Sky Stream offers customers the choice of an 18-month contract with prices starting from £24/month. That gets you the puck, Sky TV and Netflix Basic as standard. Another option is the ‘flexible’ 31-day rolling contract that can be cancelled at any time. Prices start a £29/month.
You can choose from several bundles or choose one and modify it with add-on packs and services. For instance, the UHD/Dolby Atmos pack is £6/month, while BT Sport is £28/month.
For the Whole Home pack, it’s an extra £12/month that allows access to five additional Stream devices (the second puck is free). Some bundles have no set-up costs, others incur a £20 set-up fee on an 18-month contract.
Design
- HDMI cable included
- HDMI 2.1 port
- Doesn’t require line of sight for remote
The Sky Stream puck doesn’t look like a puck as it’s not particularly round (or oval), but its black finish and square shape with rounded corners saves space and is discreet. It doesn’t require line-of-sight so you could happily put it behind a TV.
It looks not unlike the Mi Box S and Strong Leap-S1 in shape and size but has fewer connection options than either. Around the back is an HDMI 2.1 input (a cable is packaged), an Ethernet port and an aerial tuner, the only real use for the latter is as backup for a TV signal if the internet goes down.
Sky is a closed system and doesn’t offer the connectivity options that Android and (some) Fire TV streamers do. There’s no ability to hook directly to a sound system, connect a hard drive or plug a pair of wired headphones if you so choose. HDMI CEC support means control of volume on a soundbar/TV, and that can be done in the initial set-up process or later on in the Stream’s menus.
Interface and apps
- Smaller selection of apps compared to Fire TV, Roku
- Seamless resumption across multiple pucks
- Coherent and well-laid out interface
Sky calls the interface for both Stream and Glass the ‘Entertainment OS’, aggregating all of Sky’s content alongside other providers such as BBC iPlayer, Netflix and Disney+. It’s a much more democratic interface than Amazon’s Fire TV as it doesn’t outright favour Sky over others.
At the top of the screen are Top Picks, followed by a rail divided into sections (Playlist, TV Shows, Movies, Sport, Kids, Audio and Music, News, Fitness and International). Dive into each section and you’ll find content listed in rows and TV guides specific to each one. It’s all coherently laid out and easy to grasp with straightforward navigation.
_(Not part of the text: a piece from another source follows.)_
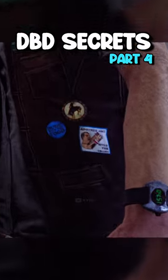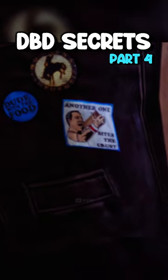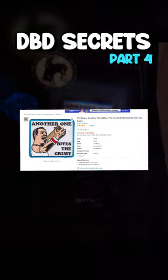On Dwight's red dude jacket cosmetic, there's a patch that says 'Another One Bites the Crust.' This is a real patch that you can buy on Amazon.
An update around Christmas 2022 re-jigged the placement of a few areas to improve discovery. Playlist’s position has shifted to the first section on the Category rail and Continue Watching is a new rail on the homepage located a few rows down for resuming recently watched content.
Playlist is ordered by ‘most recent’, so new and current episodes/shows are up first. These are all sensible updates and if anything, I’d prefer the Continue Watching rail to be the next one down from Top picks and the content section rails rather than having to scroll further down.
Watch something and return to the home screen and content keeps playing in a pop-up video in the Top Pick rail, so you can return to it without pausing. If you have multiple pucks, content is synchronized so you can jump between screens, say from your living room to your bedroom, and resume where you left off.
In terms of apps, you won’t find as big a selection as on Android/Google, Roku or Fire TV, but you could make the argument about quality over quantity. Nevertheless, small apps like Mubi and Curzon aren’t present and My5 is still missing from the UK catch-up apps.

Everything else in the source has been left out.